# Data for the task
┌──
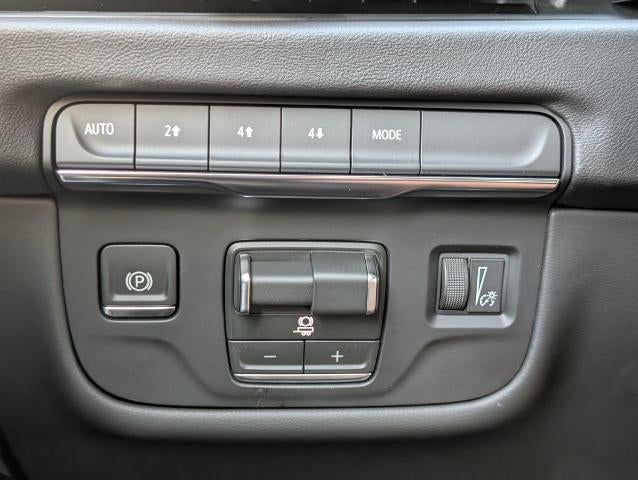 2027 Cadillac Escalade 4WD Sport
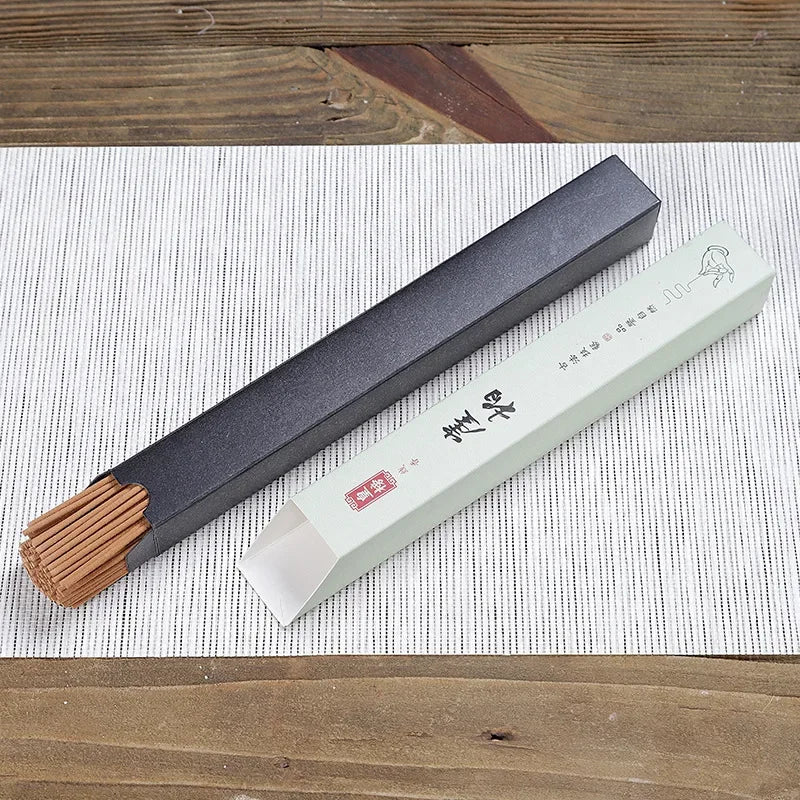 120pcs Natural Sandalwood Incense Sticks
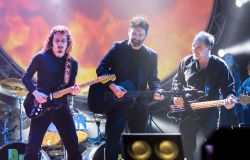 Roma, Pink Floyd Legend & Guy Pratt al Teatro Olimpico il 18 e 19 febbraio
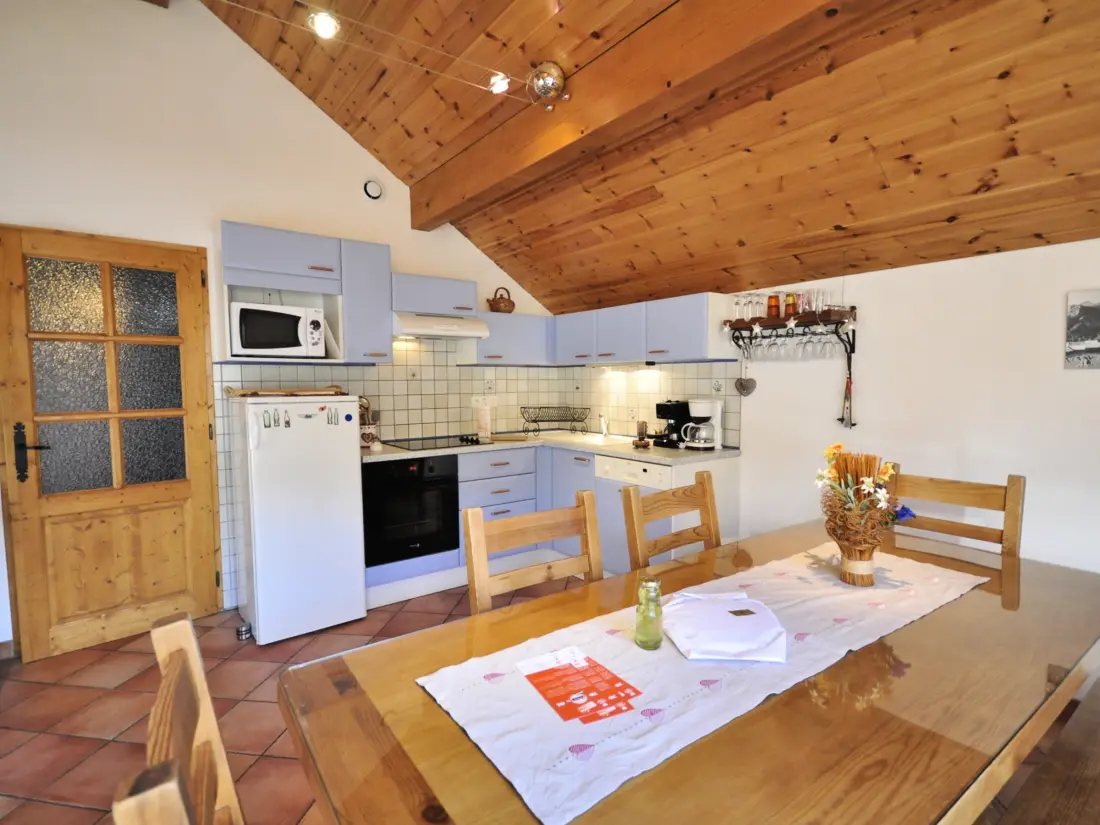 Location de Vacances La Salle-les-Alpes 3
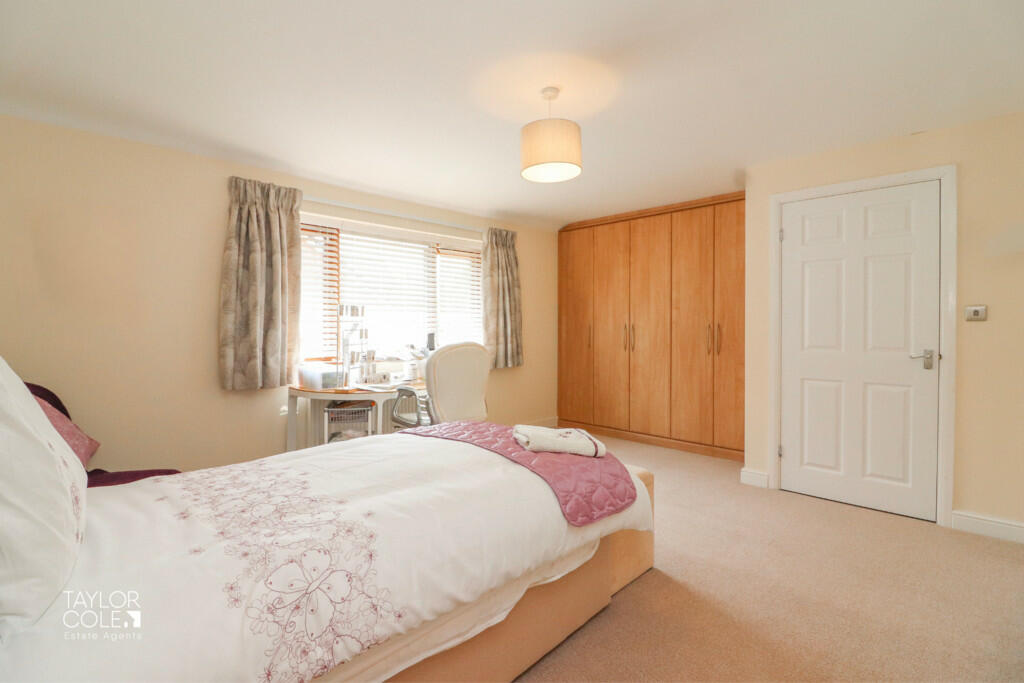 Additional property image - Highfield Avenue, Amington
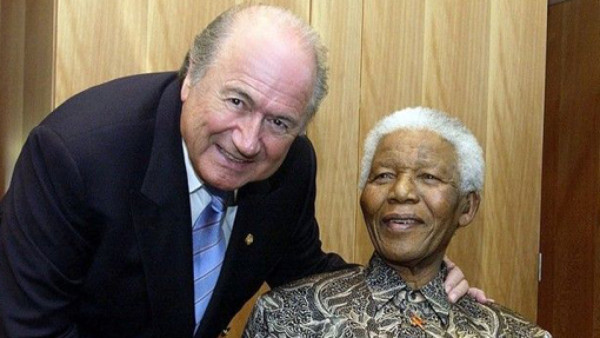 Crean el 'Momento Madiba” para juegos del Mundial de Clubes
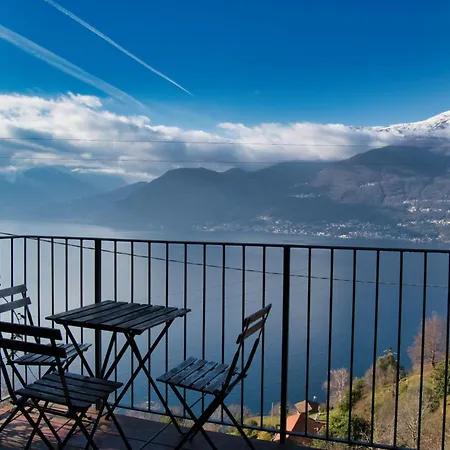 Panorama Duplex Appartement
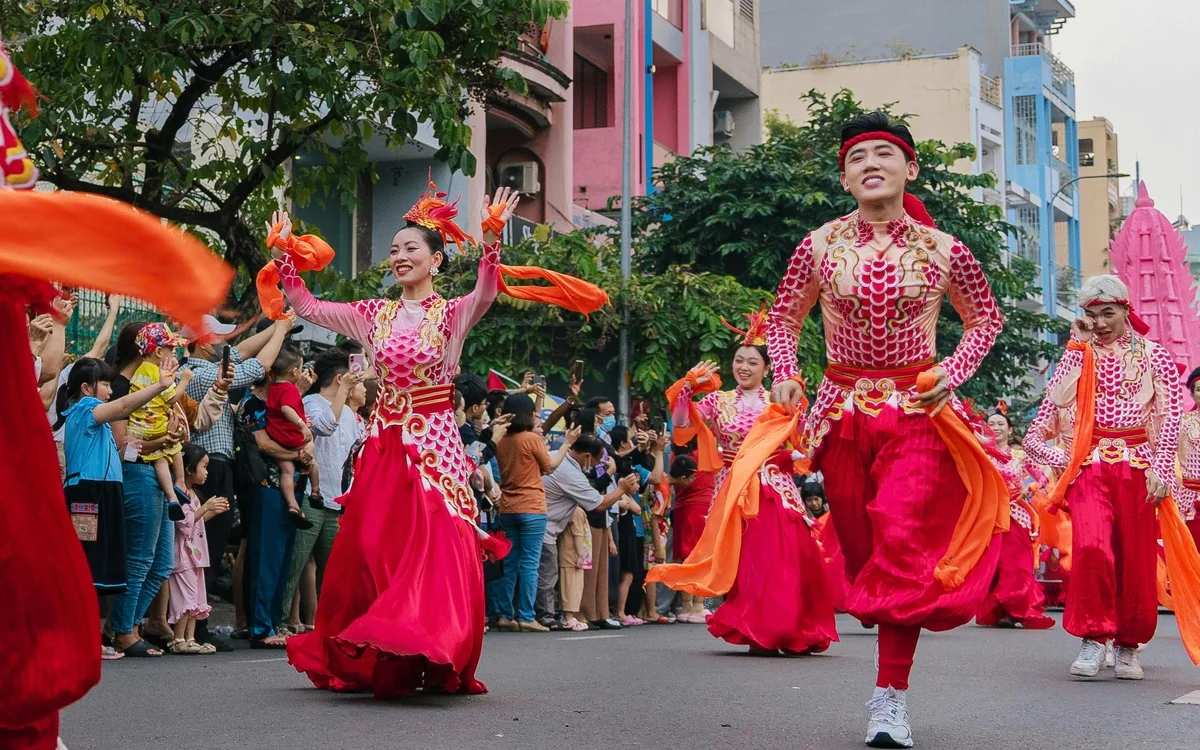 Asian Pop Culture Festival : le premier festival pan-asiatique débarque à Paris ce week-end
└──
# Exercise brief
Copy out every line of the data above, taking care to leave the pictures out.

# Answer for this exercise
 2027 Cadillac Escalade 4WD Sport
 120pcs Natural Sandalwood Incense Sticks
 Roma, Pink Floyd Legend & Guy Pratt al Teatro Olimpico il 18 e 19 febbraio
 Location de Vacances La Salle-les-Alpes 3
 Additional property image - Highfield Avenue, Amington
 Crean el 'Momento Madiba” para juegos del Mundial de Clubes
 Panorama Duplex Appartement
 Asian Pop Culture Festival : le premier festival pan-asiatique débarque à Paris ce week-end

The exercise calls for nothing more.